My phone rang. It was the client who had been making my life miserable every day for the past several weeks, calling me at home to extend the misery to my putatively non-working hours. I was supposed to be making dinner, which I promised my wife I’d have ready when she came home. That wasn’t happening now. As the client and the baby both yelled at me, I went online and ordered a pizza from the carryout place around the corner. The call soon ended and the baby was still crying.
About 20 minutes later my came back home. When she came in the door she had the mail in her hand. There was bill that we had somehow missed which presented yet another hassle and put me in an even worse mood. I had, an hour after getting home from the office, reached that point where I really didn’t know how I was going to hold it together for the next ten minutes. Everything felt hopeless.
My wife took the baby from me and said, “So, something to tell you.”
“What is it?” I asked, amused at the notion that I could process even a modest amount of additional stress.
“I’m pregnant.”
I didn’t have an immediate reaction. My mind was filled with television static and my vision did a fast backwards pan like when Chief Brody saw the shark at the beach in “Jaws.” My knees turned to jello and the only reason I didn’t fall over was because I was sitting down. I continued to sit, silently, staring into middle distance for the next several seconds. I’m not sure what expression I had on my face, but as those seconds passed my wife looked at me with an increasingly worried look. She knew me better than anyone, but at the moment she seemed to have no idea what I was thinking.
I broke the silence.
“I, uh, ordered a pizza,” I said astonishingly calmly. “I’m going to go pick it up.”
“Are you . . . are you coming back?” my wife said.
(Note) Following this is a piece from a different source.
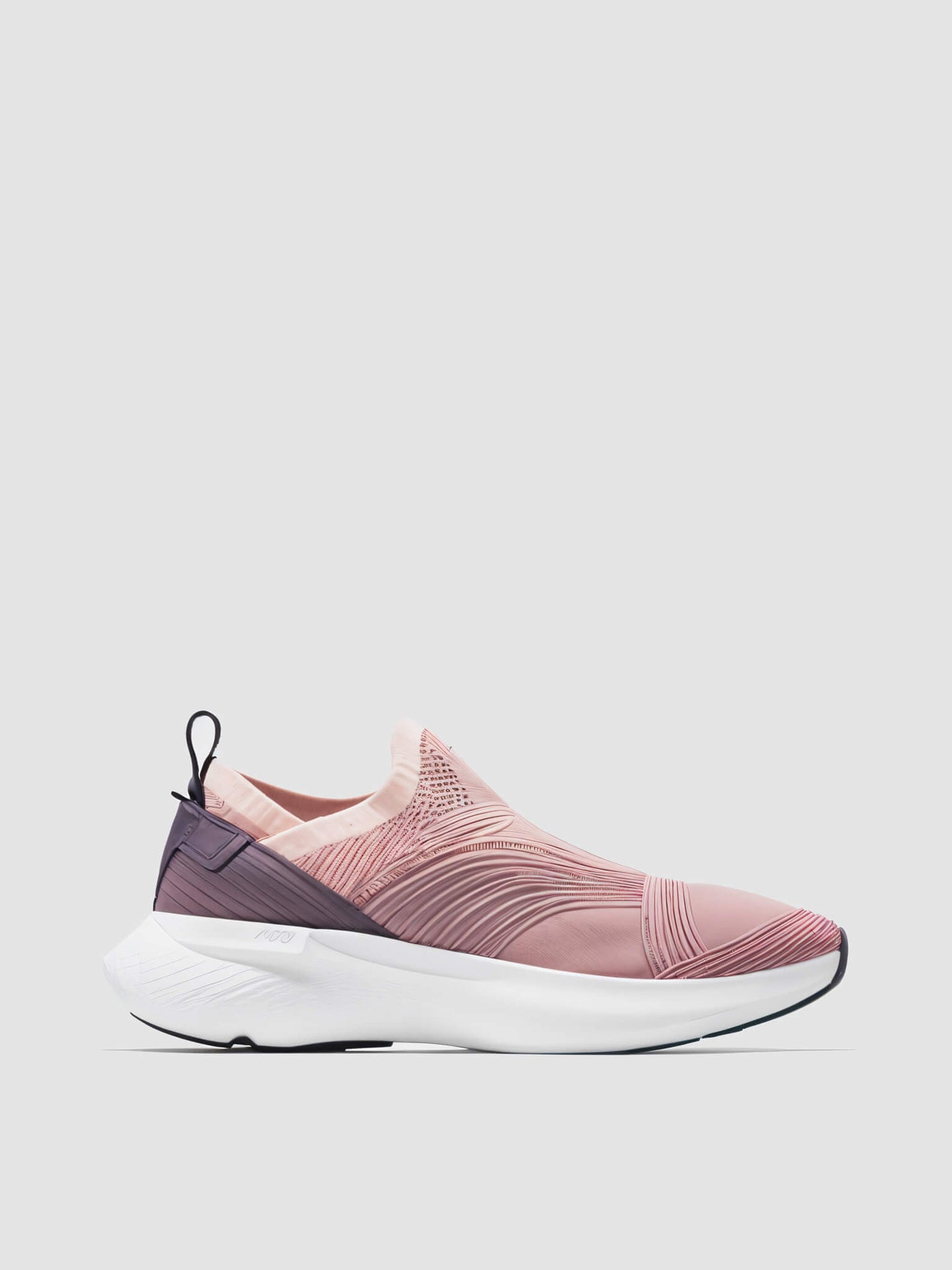 Endurance Sports Sneakers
A couple of moments later, of course, I snapped out of it, all of the day’s stress melted away, we hugged and laughed and smiled and felt all of the great things you’re supposed to feel when you get joyous news. Still -- and I think the parents among you will back me up on this -- no matter how much you love your children, learning of their impending arrival can be momentarily disorienting in even the best of circumstances. When you’re under even a little bit of stress it can be momentarily incapacitating.
I offer all of this to excuse Wilson Ramos for striking out in the bottom of the fourth inning of last night’s Mets-Cardinals game.
Ramos was on deck when his wife, Yely, walked down the aisle of the stands to the screen near the on-deck circle. She was holding a sign that said “We’re PREGNANT! WILSON, this is your 3rd CHILD. We LOVE YOU.” Ramos then struck out on five pitches. It happens.
The pizza, by the way, was good. My daughter Anna eventually stopped crying and my son, Carlo, was born the following July, happy and healthy. Ramos’ night probably ended pretty good as well.